Estimation of variance of population

136 Views Asked by At

I know how to use MLE method and method of moment to estimate the parameter(s) of a given distribution. For example, for the parameter $\theta$ of a population X $\sim$ $Ber(\theta)$, MLE of $\theta$ is $\hat{\theta} = \sum_i \frac{x_i}{n}$

However, it is just the estimation of parameters of the distribution. What if I want to estimate the variance of the distribution. What should I do? I know that it is possible to use the unbiased estimator of variance that we learnt in basic statistics course, but is there any universally accepted procedure for doing it after computing the MLE estimator?

For example, for the population X $\sim$ $Ber(\theta)$, $V(X) = \theta(1 - \theta)$. MLE of $\theta$ is $\hat{\theta} = \sum_i \frac{x_i}{n}$. I can replace $\theta$ by $\hat{\theta}$ to estimate the variance, and the estimator will surely be biased. I want to know if I can do the same thing for other situations just by replacing the parameters with MLE of the parameters?

Thanks a lot!!!!

2

There are 2 best solutions below

0
On

The answer to you question is yes. This is referred to as the invariance property of MLEs. We have the following theorem taken from Casella & Berger's Statistical Inference (2nd edition,Theorem 7.2.10, pg.320).

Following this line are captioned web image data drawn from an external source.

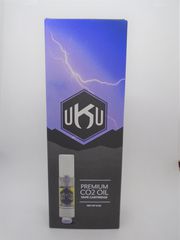 UKU Cherry AK .5g cart at Curaleaf Airpark UKU Cherry AK .5g cart at Curaleaf Airpark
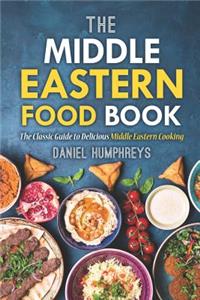 Middle Eastern Food Book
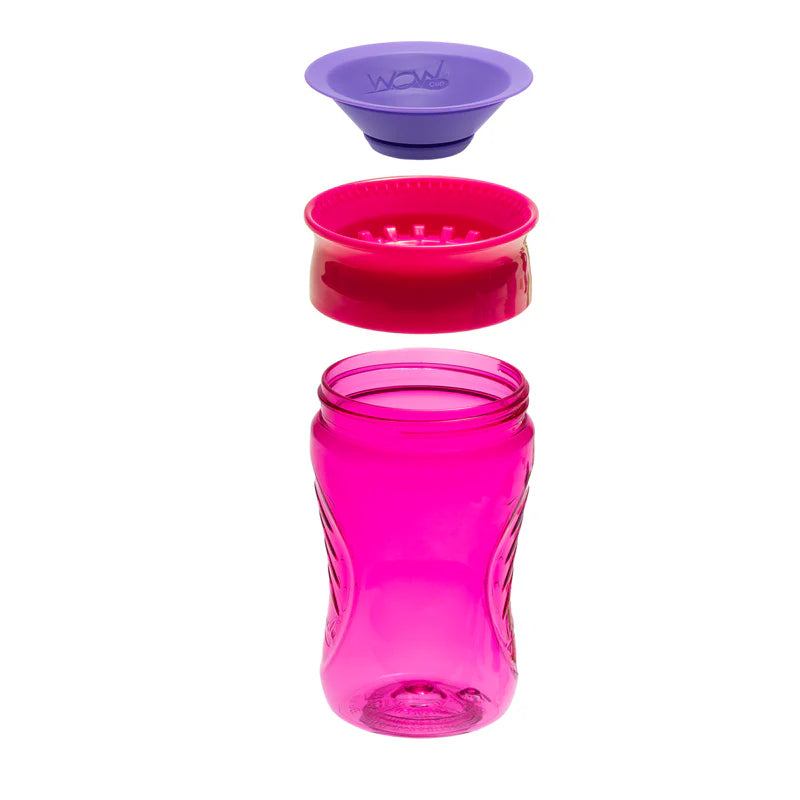 WOW CUP for Kids 360 Drinking Cup - 10oz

Theorem 7.2.10. (Invariance property of MLEs)

If $\hat\theta$ is the MLE of $\theta$, then for any function $\tau(\theta)$, the MLE of $\tau(\theta)$ is $\tau(\hat\theta)$.


So in your example, if $\hat\theta$ is the MLE of the parameter $\theta$ from the Bernoulli distribution, then $\tau(\hat\theta)=\hat\theta(1-\hat\theta)$ is MLE of the variance $\tau(\theta)=\theta(1-\theta)$. In general, the MLE of a function like this will be biased.

0
On

First I would like to make some general remarks about maximum likelihood estimators to define the problem correctly.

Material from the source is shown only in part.